CAMAGÜEY.- The Guiñol de Camagüey celebrates its 59th anniversary this February, a time that highlights it as the oldest active theater group in the province with an enormous work in pursuit of children and family audiences.
Due to the epidemiological situation of this city, with autochthonous transmission of COVID-19, the company prepared as a birthday present an exhibition of designs and dolls, entitled Threads of time.
Mounted in the lobby of the headquarters, on Lugareño street at the corner of San Clemente, the show is broadcast from this Monday through digital platforms of the Provincial Council of Performing Arts.
“Designs are works of art. There is a lot of beautiful material to show. We want each time the exhibition is renewed to gradually narrate the history of this group ”, the new general director Heidy Almarales Sierra told Adelante Digital.
As part of the anniversary and based on social networks, she also conceived educational videos about fantasy makeup and the making of flat puppets, and promotional videos with young people linked to the puppet theater.
The work process for the show The Princess of Wild Flowers, by the group member Claudia Ramírez, is maintained; it must be the first premiere of the year when the sanitary circumstances of the territory improve.

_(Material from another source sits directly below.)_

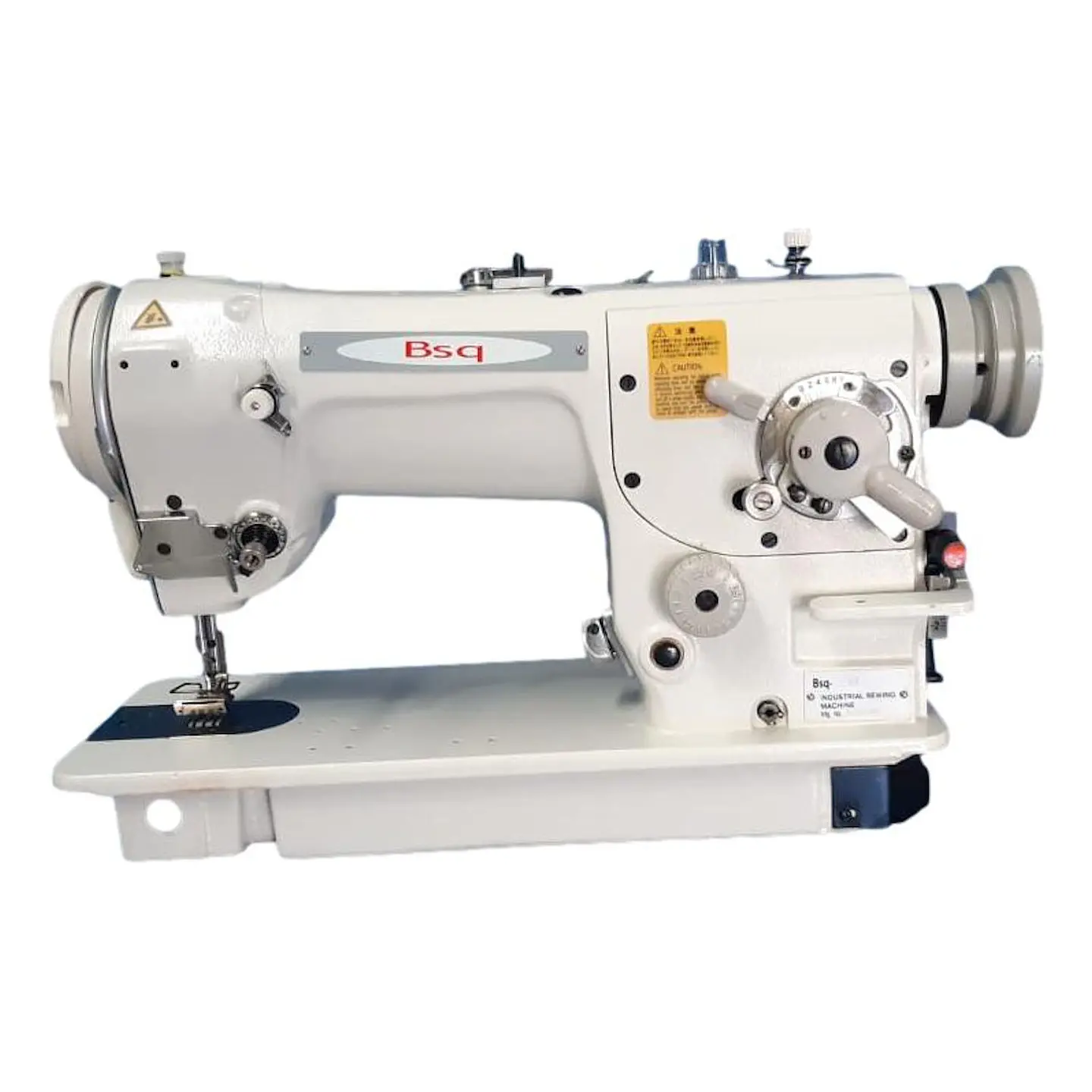 Máquina de Coser Recta y ZigZag BSQ MOD 2284 2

Almarales Sierra does not dismiss the superproductions characteristic of the Guiñol de Camagüey, although that depends on the current conditions: “If elements appeared to be able to develop great productions with quality, they could be carried, but I always have two versions. I don't like to get attached to an idea and then reality hits me and destroys my dream ”.
A graduate of the ISA University of the Arts, the young actress comes from Las Tunas, a province where she belonged to the Guiñol Los Zahoríes and founded the La Chimia project to explore animation theater.
From the execution of it, Almarales Sierra has Secrets under the moon ready for premiere, a work designed for young people and adults with the lambe-lambe technique (of small objects and dolls), with the requirement that each performance will admit a spectator.